*Work to complete*.
The line containing "Why Homeowners &" marks the end, so write out exactly every line from the top of the entries below through that one.

[Brief descriptive captions]
.....

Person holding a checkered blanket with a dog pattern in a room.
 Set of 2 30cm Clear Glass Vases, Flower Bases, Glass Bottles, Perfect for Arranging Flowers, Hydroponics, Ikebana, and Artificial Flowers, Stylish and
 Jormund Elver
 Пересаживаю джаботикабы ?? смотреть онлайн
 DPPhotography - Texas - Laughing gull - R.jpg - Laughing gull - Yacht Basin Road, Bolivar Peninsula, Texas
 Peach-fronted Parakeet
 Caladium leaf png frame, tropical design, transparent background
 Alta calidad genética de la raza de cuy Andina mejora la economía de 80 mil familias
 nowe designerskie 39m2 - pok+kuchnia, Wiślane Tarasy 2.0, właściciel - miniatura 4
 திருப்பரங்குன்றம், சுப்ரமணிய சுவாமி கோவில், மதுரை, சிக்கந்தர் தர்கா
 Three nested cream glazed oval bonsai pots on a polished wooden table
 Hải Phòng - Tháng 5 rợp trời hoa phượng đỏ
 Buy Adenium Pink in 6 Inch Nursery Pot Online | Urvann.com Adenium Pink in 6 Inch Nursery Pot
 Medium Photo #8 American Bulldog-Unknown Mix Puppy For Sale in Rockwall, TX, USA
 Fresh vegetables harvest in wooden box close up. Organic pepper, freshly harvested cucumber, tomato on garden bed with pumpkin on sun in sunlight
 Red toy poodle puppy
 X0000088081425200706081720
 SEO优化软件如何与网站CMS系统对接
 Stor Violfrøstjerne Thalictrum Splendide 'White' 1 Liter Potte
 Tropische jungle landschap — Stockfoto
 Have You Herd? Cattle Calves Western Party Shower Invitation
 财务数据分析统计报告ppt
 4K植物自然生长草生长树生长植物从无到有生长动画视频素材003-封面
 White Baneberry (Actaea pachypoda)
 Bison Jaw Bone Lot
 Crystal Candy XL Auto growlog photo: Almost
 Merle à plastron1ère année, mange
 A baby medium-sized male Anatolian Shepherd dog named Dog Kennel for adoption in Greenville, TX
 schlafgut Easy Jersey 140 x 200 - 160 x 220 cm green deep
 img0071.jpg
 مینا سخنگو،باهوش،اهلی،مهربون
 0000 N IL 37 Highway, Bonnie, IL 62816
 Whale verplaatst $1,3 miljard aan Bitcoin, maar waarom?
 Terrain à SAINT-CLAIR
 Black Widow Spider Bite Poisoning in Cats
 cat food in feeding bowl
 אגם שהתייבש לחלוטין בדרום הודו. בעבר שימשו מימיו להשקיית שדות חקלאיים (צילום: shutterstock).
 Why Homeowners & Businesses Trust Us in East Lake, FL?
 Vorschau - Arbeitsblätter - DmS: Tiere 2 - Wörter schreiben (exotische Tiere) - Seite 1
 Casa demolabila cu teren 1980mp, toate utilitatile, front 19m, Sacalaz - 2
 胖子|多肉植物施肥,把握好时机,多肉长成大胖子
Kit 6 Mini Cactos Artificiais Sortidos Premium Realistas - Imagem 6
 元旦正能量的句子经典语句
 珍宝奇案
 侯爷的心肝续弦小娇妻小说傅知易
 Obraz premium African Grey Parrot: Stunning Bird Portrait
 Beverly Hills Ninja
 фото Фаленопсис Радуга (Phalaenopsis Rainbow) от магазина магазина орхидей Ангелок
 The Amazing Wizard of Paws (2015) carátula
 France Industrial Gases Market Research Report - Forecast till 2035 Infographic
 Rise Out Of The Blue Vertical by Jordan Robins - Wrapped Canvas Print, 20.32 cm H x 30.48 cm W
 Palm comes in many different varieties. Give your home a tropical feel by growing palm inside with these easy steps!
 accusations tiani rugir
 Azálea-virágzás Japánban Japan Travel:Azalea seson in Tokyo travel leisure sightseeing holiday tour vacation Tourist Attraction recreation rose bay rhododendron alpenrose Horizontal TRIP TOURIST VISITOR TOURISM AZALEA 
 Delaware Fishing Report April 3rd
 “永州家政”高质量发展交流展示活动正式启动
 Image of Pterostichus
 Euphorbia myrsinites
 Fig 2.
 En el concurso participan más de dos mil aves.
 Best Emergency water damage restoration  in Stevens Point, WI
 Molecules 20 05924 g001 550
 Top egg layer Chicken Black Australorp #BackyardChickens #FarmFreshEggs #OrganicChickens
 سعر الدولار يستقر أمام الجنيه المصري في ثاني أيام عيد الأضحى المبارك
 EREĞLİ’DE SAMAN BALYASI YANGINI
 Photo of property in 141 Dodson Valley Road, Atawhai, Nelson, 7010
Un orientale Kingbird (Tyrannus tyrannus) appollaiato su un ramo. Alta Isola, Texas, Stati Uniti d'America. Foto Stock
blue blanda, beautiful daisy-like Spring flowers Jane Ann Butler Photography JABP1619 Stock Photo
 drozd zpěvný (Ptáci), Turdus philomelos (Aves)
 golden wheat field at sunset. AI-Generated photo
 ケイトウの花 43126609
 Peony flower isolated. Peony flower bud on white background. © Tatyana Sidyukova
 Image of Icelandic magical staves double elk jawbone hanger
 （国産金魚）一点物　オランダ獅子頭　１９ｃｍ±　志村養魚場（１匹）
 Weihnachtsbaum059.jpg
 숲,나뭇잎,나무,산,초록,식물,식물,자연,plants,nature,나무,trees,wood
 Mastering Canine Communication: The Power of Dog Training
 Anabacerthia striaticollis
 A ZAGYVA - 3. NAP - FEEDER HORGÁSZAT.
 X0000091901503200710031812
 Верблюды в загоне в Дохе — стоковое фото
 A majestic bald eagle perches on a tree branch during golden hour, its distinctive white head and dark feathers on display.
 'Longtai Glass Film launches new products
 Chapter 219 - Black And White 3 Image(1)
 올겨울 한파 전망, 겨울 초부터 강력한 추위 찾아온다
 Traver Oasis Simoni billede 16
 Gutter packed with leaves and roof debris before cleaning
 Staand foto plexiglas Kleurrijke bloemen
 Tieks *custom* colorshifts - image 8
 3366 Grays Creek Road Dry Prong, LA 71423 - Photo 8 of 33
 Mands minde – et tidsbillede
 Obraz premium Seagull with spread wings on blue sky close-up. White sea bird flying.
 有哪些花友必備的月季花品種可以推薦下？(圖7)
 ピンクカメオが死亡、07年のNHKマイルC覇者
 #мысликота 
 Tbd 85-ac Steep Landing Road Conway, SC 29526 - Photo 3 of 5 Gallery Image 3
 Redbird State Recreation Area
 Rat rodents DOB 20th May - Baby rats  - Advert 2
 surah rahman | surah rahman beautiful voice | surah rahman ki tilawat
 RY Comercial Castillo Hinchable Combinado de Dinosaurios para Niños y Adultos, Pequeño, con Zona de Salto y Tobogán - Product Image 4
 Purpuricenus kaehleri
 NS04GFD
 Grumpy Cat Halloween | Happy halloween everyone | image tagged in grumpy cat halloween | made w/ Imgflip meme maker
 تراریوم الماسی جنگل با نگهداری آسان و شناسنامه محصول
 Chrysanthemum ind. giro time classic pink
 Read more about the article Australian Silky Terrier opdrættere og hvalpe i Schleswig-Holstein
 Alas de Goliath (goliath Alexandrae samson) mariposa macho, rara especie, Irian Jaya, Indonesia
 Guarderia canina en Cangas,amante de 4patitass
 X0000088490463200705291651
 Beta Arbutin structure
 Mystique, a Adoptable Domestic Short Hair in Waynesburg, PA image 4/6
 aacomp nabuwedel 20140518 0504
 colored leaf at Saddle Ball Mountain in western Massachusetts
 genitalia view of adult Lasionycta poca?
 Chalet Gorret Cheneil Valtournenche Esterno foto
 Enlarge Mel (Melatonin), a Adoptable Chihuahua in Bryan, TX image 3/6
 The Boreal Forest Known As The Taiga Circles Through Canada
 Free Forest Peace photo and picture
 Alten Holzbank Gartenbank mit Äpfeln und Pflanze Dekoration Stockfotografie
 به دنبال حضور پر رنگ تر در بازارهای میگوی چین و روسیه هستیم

.....

*Output for this task*.
Person holding a checkered blanket with a dog pattern in a room.
 Set of 2 30cm Clear Glass Vases, Flower Bases, Glass Bottles, Perfect for Arranging Flowers, Hydroponics, Ikebana, and Artificial Flowers, Stylish and
 Jormund Elver
 Пересаживаю джаботикабы ?? смотреть онлайн
 DPPhotography - Texas - Laughing gull - R.jpg - Laughing gull - Yacht Basin Road, Bolivar Peninsula, Texas
 Peach-fronted Parakeet
 Caladium leaf png frame, tropical design, transparent background
 Alta calidad genética de la raza de cuy Andina mejora la economía de 80 mil familias
 nowe designerskie 39m2 - pok+kuchnia, Wiślane Tarasy 2.0, właściciel - miniatura 4
 திருப்பரங்குன்றம், சுப்ரமணிய சுவாமி கோவில், மதுரை, சிக்கந்தர் தர்கா
 Three nested cream glazed oval bonsai pots on a polished wooden table
 Hải Phòng - Tháng 5 rợp trời hoa phượng đỏ
 Buy Adenium Pink in 6 Inch Nursery Pot Online | Urvann.com Adenium Pink in 6 Inch Nursery Pot
 Medium Photo #8 American Bulldog-Unknown Mix Puppy For Sale in Rockwall, TX, USA
 Fresh vegetables harvest in wooden box close up. Organic pepper, freshly harvested cucumber, tomato on garden bed with pumpkin on sun in sunlight
 Red toy poodle puppy
 X0000088081425200706081720
 SEO优化软件如何与网站CMS系统对接
 Stor Violfrøstjerne Thalictrum Splendide 'White' 1 Liter Potte
 Tropische jungle landschap — Stockfoto
 Have You Herd? Cattle Calves Western Party Shower Invitation
 财务数据分析统计报告ppt
 4K植物自然生长草生长树生长植物从无到有生长动画视频素材003-封面
 White Baneberry (Actaea pachypoda)
 Bison Jaw Bone Lot
 Crystal Candy XL Auto growlog photo: Almost
 Merle à plastron1ère année, mange
 A baby medium-sized male Anatolian Shepherd dog named Dog Kennel for adoption in Greenville, TX
 schlafgut Easy Jersey 140 x 200 - 160 x 220 cm green deep
 img0071.jpg
 مینا سخنگو،باهوش،اهلی،مهربون
 0000 N IL 37 Highway, Bonnie, IL 62816
 Whale verplaatst $1,3 miljard aan Bitcoin, maar waarom?
 Terrain à SAINT-CLAIR
 Black Widow Spider Bite Poisoning in Cats
 cat food in feeding bowl
 אגם שהתייבש לחלוטין בדרום הודו. בעבר שימשו מימיו להשקיית שדות חקלאיים (צילום: shutterstock).
 Why Homeowners & Businesses Trust Us in East Lake, FL?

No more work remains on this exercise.